[JURIST]
The US Supreme Court [official website] heard oral arguments [day call, PDF] Monday on individual retirement accounts (IRAs) and their interaction with bankruptcy. In Clark v. Rameker [transcript, PDF] the court will decide whether an inherited individual retirement account is exempt from a debtor’s bankruptcy estate under Section 522 of the Bankruptcy Code [text], which exempts tax-exempt retirement funds. In October 2010, the Clarks filed voluntary joint bankruptcy and claimed an inherited IRA under the Section 522 exemption, which the bankruptcy trustee and creditors objected to using. The district court ruled that inherited IRAs are exempted because they retain their character as retirement funds, but the Seventh Circuit Court of Appeals [official website] reversed [opinion] that ruling.
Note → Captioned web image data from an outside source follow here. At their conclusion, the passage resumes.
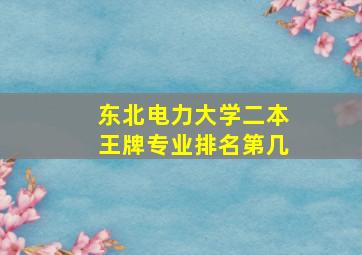 东北电力大学二本王牌专业排名第几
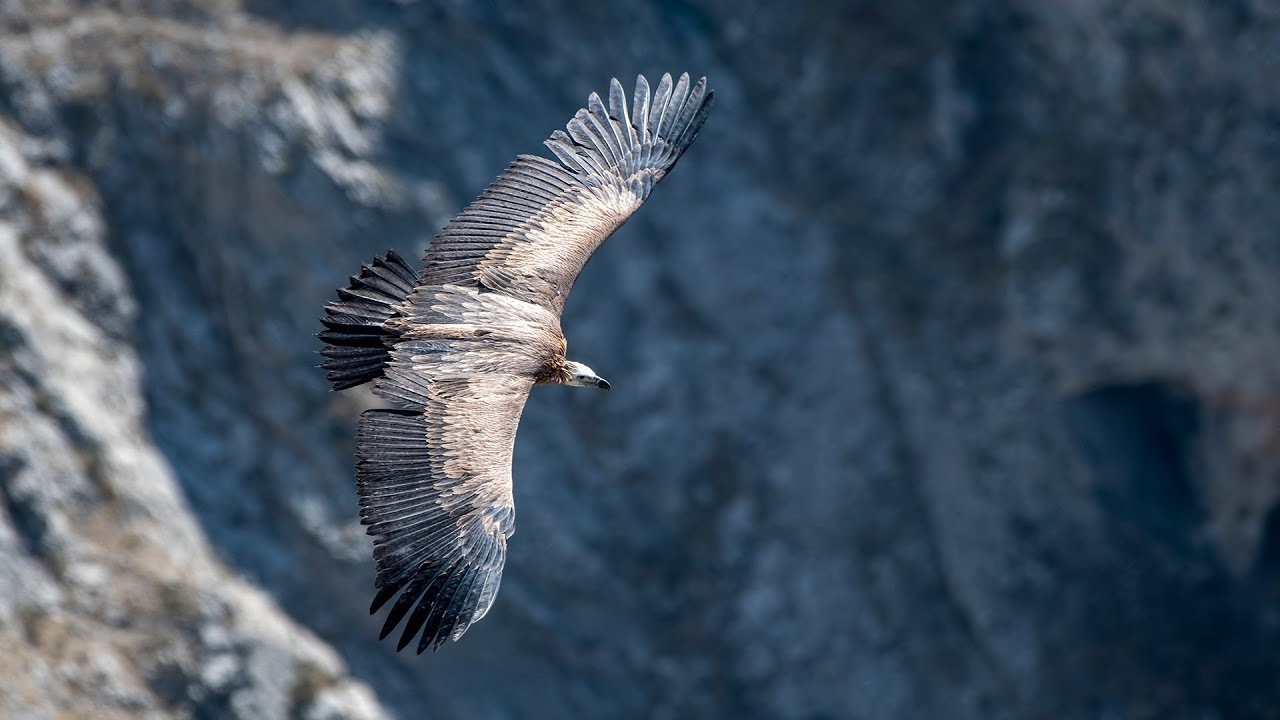 AKBABA SESİ (VULTURE SOUND)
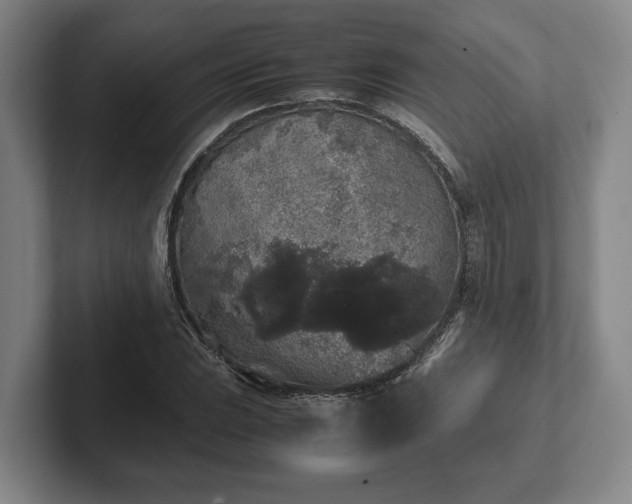 X0000102521023200808151528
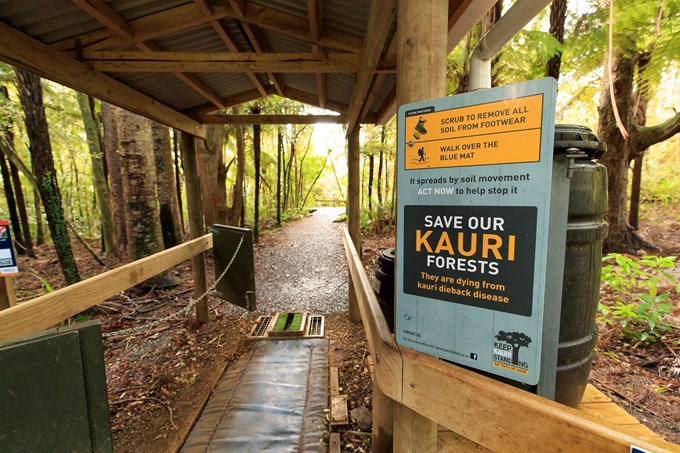 Kauri dieback battle continues over summer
The Supreme Court must decide if inherited IRAs qualify as a “retirement fund,” which will determine access to those IRAs after a debtor begins bankruptcy filings.
Earlier this month, the Supreme Court had another opportunity to rule on bankruptcy law. In Law v. Siegel [SCOTUSblog backgrounder; JURIST report], the Supreme Court ruled [opinion] unanimously that a bankruptcy court improperly exceeded its authority by ordering legally exempt funds to be used to pay attorney’s costs. A trustee of a bankruptcy claim later discovered that the debtor had fraudulently represented certain liens on the his property in order to protect the $75000, and claimed the money as compensation for the added costs of discovering the fraud. The bankruptcy court agreed, and its decision was affirmed by the US Court of Appeals for the Ninth Circuit. The Supreme Court reversed, saying that the bankruptcy court exceeded its authority by using it to “sanction abusive litigation practices.” The court held that the bankruptcy court had no authority to override a state law exemption to penalize a dishonest party.